**ASSIGNMENT**
Work through the listing below and give again exactly the lines from the one with "Նախկին մսի կոմբինատի" to the one with "Persian cats for", both ends included. All other lines and all pictures stay out.

***** MATERIAL SHOWN

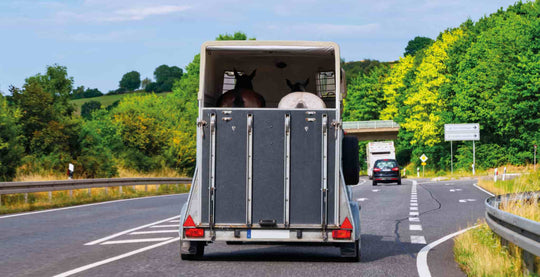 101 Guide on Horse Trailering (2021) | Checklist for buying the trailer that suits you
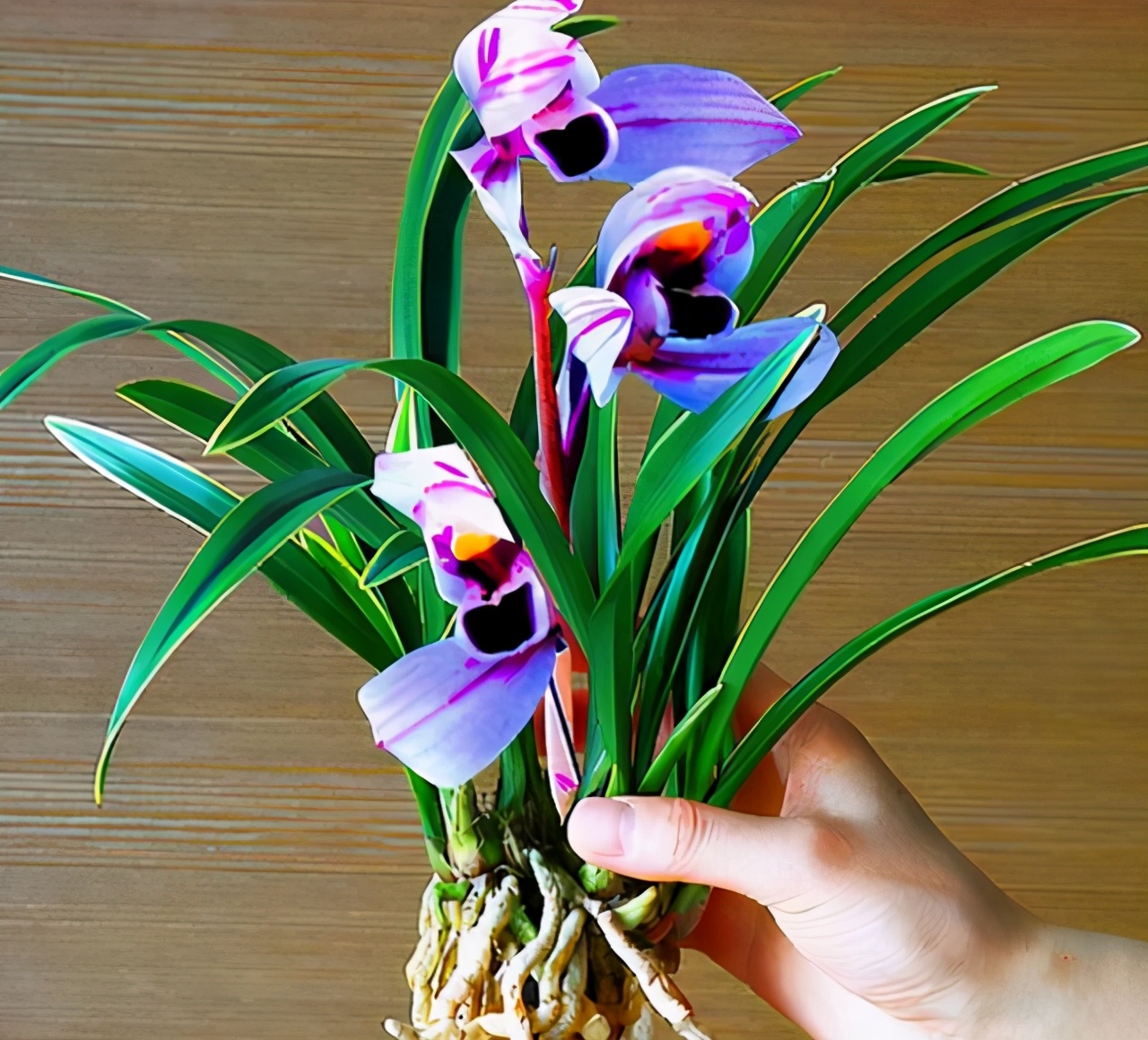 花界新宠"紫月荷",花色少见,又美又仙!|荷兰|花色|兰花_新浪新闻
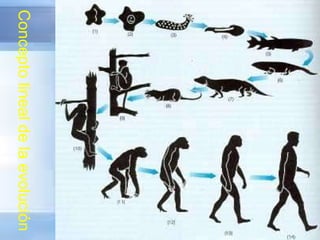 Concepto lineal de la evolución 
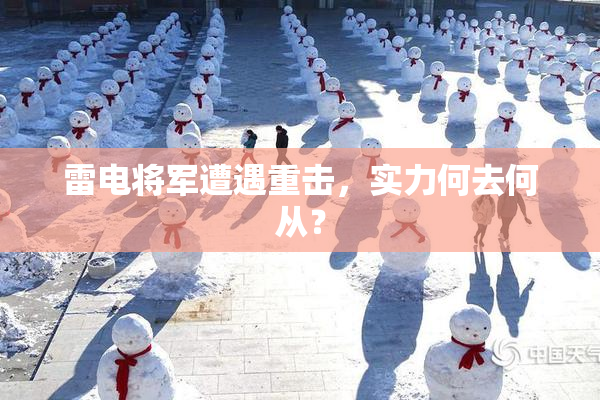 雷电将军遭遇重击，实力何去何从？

**********
***** MATERIAL SHOWN

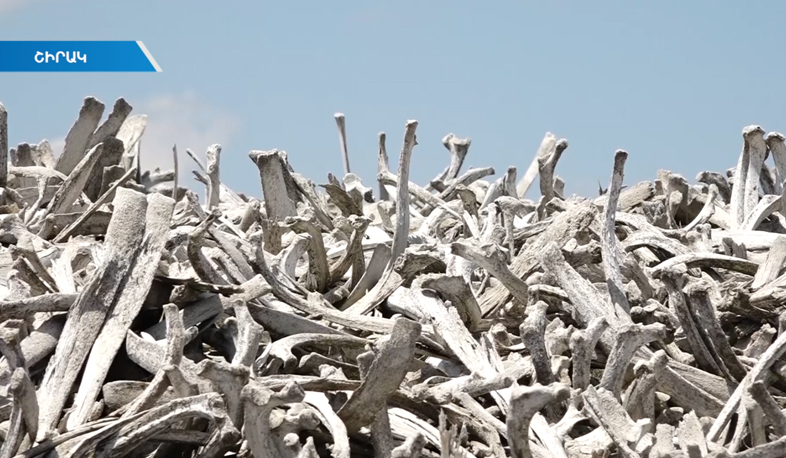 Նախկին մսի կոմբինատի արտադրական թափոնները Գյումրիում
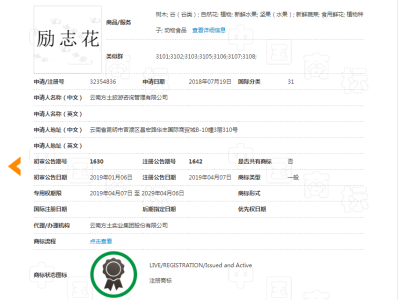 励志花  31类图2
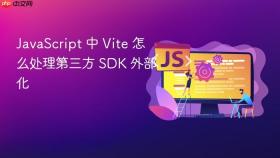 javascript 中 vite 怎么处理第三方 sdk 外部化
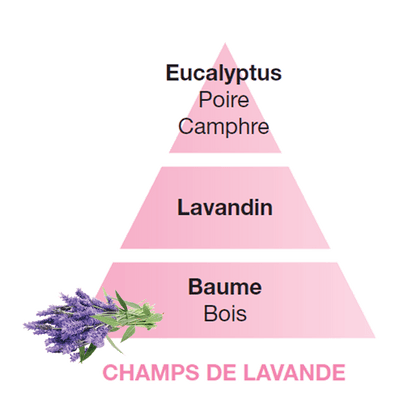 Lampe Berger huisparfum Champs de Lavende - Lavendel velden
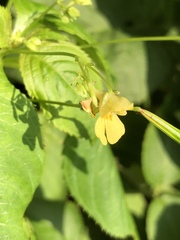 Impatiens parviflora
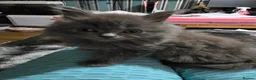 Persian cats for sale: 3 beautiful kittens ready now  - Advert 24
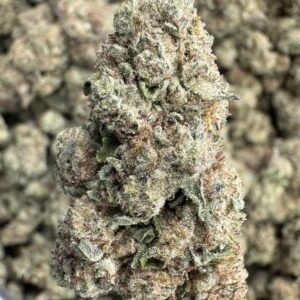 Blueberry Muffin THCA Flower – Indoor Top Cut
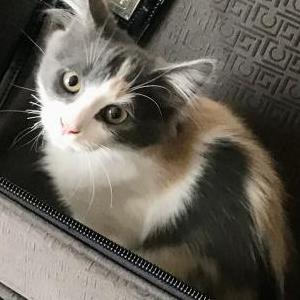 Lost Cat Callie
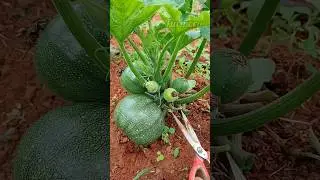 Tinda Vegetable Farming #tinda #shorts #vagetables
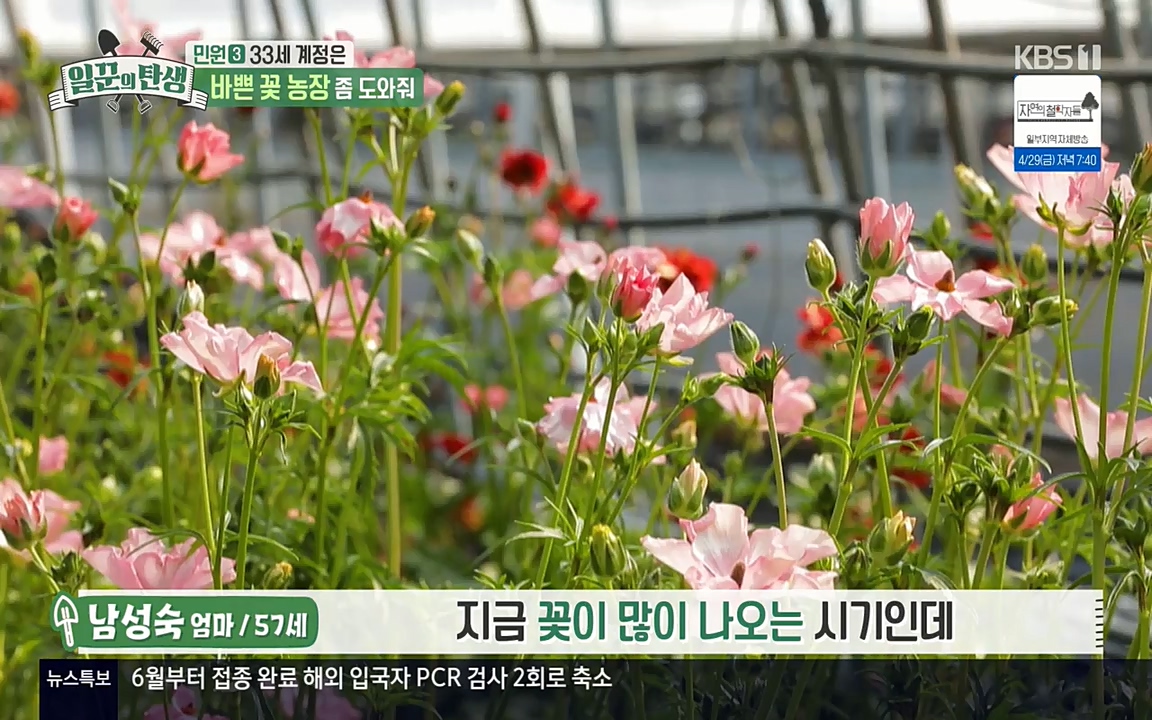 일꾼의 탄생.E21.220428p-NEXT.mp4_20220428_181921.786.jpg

**********
***** MATERIAL SHOWN

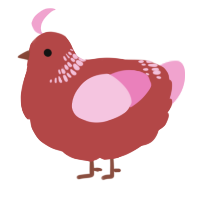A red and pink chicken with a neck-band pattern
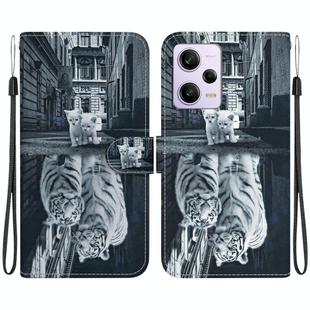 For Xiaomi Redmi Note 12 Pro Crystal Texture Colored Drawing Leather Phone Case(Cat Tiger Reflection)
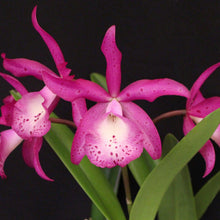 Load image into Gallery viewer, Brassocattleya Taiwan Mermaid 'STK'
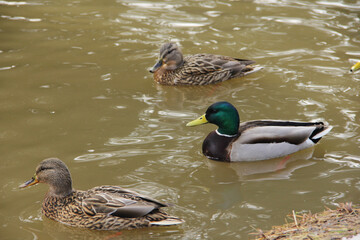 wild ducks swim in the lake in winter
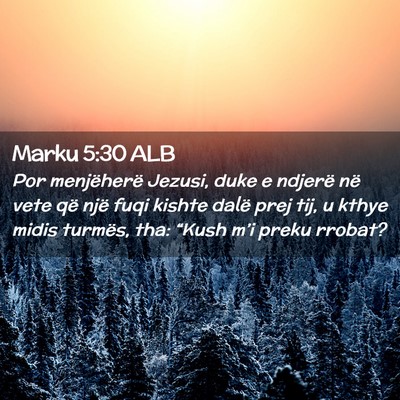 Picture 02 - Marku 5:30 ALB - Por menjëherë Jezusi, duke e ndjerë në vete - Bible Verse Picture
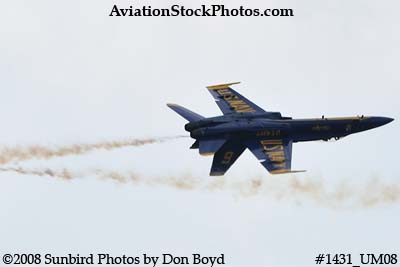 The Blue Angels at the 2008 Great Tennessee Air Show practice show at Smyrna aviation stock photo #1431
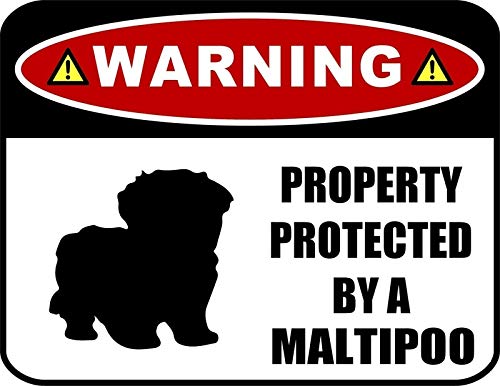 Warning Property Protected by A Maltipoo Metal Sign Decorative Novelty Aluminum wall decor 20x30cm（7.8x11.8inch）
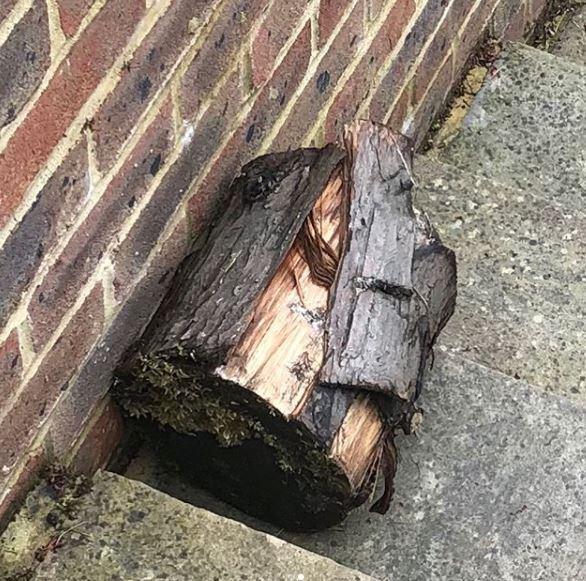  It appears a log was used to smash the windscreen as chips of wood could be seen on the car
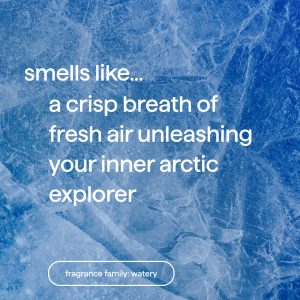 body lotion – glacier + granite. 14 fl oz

**********

**ANSWER TO THE PROBLEM**
 Նախկին մսի կոմբինատի արտադրական թափոնները Գյումրիում
 励志花  31类图2
 javascript 中 vite 怎么处理第三方 sdk 外部化
 Lampe Berger huisparfum Champs de Lavende - Lavendel velden
 Impatiens parviflora
 Persian cats for sale: 3 beautiful kittens ready now  - Advert 24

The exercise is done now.